39     This was an opportune moment to set out O 2 r 1(1) of the Rules:

Non-compliance with Rules (O. 2, r. 1)

1. —(1) Where, in beginning or purporting to begin any proceedings or at any stage in the course of or in connection with any proceedings, there has, by reason of anything done or left undone, been a failure to comply with the requirements of these Rules, whether in respect of time, place, manner, form or content or in any other respect, the failure shall be treated as an irregularity and shall not nullify the proceedings, any step taken in the proceedings, or any document, judgment or order therein.

40     In the alternative, Mr Shanmugam asserted that even if the court had jurisdiction to cure the irregularity by virtue of O 2 r 1, the court’s discretion could only be exercised in extraordinary circumstances. In this aspect, the plaintiff has no vestige of evidence, by way of an affidavit or otherwise, providing reasons why the court should exercise its discretion in this case. He argued that if the irregular service was curable by O 2 r 1, any writ which was not served in accordance with the foreign laws would be curable and the purpose of O 11 was rendered nugatory.

41     In Afro Continental Nigeria Ltd v Meridian Shipping Co SA (The “Vrontados”), there was a time bar to the plaintiffs’ claim for breach of contract. As time was running out fast, the plaintiffs applied ex parte to serve the writs by way of substituted service. The defendants applied to set aside the writ and service. The trial judge, Parker J, held that “all three of the directors of the defendant were residing in this country and all three could have been served without the slightest difficulty and since there was not anything impracticable about serving the directors”, substituted service was not allowed and the service of the writs were consequently set aside. On appeal, the Court of Appeal approved Parker J’s decision and held that “[s]ubstituted service ought only be ordered when it was impracticable for the plaintiff to effect personal service”.

42     I hold the view that The “Vrontados” is distinguishable on the basis that the defendants were residing in England and the application was for substituted service in the same jurisdiction, not service out of jurisdiction. I appreciated the analogy Mr Shanmugam tried to show insofar as the court took a strict approach on setting aside the service of the writ in The “Vrontados” even though this led to the plaintiffs’ claim being time barred, which was a serious consequence.
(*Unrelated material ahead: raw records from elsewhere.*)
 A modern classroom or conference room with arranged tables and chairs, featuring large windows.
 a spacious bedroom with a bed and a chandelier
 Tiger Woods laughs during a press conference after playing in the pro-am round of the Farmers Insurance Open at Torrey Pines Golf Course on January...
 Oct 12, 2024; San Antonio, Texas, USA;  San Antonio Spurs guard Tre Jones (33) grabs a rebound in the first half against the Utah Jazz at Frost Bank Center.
43     Mr Shanmugam and Mr Hamid both submitted that Ong & Co Pte Ltd v YL Chow Carl [1987] SLR 304 (“Chow Carl”) supported their position. The facts involved the service of the notice of the writ by means of a court process server employed by a firm in Kuala Lumpur which was not an authorized method of service. Chan Sek Keong JC (as he then was) set aside the service of the writ and appropriately observed:

6       …The service of a writ is an exercise in judicial power. The judicial power of a state can only be exercised within the territorial limits of the state over which the courts have jurisdiction…
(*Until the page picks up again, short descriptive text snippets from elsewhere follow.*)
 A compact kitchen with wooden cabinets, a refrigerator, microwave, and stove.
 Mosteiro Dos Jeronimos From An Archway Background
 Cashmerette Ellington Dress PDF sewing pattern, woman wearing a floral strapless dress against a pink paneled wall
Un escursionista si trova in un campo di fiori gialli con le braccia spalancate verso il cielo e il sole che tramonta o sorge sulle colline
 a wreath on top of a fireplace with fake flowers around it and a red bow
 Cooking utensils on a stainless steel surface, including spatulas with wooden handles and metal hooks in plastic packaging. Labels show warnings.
7       In other words, the judicial power of one state cannot be extended or exercised in another independent state except with the consent of that state. The reason is that it encroaches upon the sovereign rights of the other state…

44     In a nutshell, the first defendant adopted the position that from the express wording of O 11 r 3(2) of the Rules, the court had no jurisdiction to cure the irregularity present here. In the alternative, even if the court had jurisdiction and discretion to cure the irregularity, there must be cogent reasons of an extremely high threshold to do so. In this aspect, the plaintiff had no once of evidence providing reasons why the court should exercise its discretion.

45     In Summons No 4404 of 2003 and Summons No 6259 of 2003, AR Low was addressed on a similar point and she held that “the defect in failing to serve via the proper channel was so fundamental that [she] should not exercise [her] discretion to cure it in the present case”. Mr Shanmugam and Mr Hamid urged the court to take this into account, although they acknowledged that AR Low’s decision was not binding on this court.

46     On the other hand, Mr Ng was asking the court to exercise its discretion to cure the irregularity. His principal reason was that the plaintiff has clearly taken all the necessary steps to ensure that the summons was served through the judicial authorities in India. He adopted the case of Golden Ocean Assurance Ltd and Christopher Julian Martin (the “Goldean Mariner”) [1990] 2 Lloyd’s Rep 215 where the English Court of Appeal considered the ambit and operation of the English equivalent of O 2 r 1(1) of the Rules. In this case, each of the defendants was served with a copy of the writ which correctly named them as defendants but which copy was intended for different defendants. The English Court of Appeal held that the failure was to be treated as an irregularity and would not nullify any step taken in the proceedings. Further, there was no evidence that the defendants had suffered any prejudice as a result of the process server’s error and the court exercised its discretion against setting aside the service on the defendants.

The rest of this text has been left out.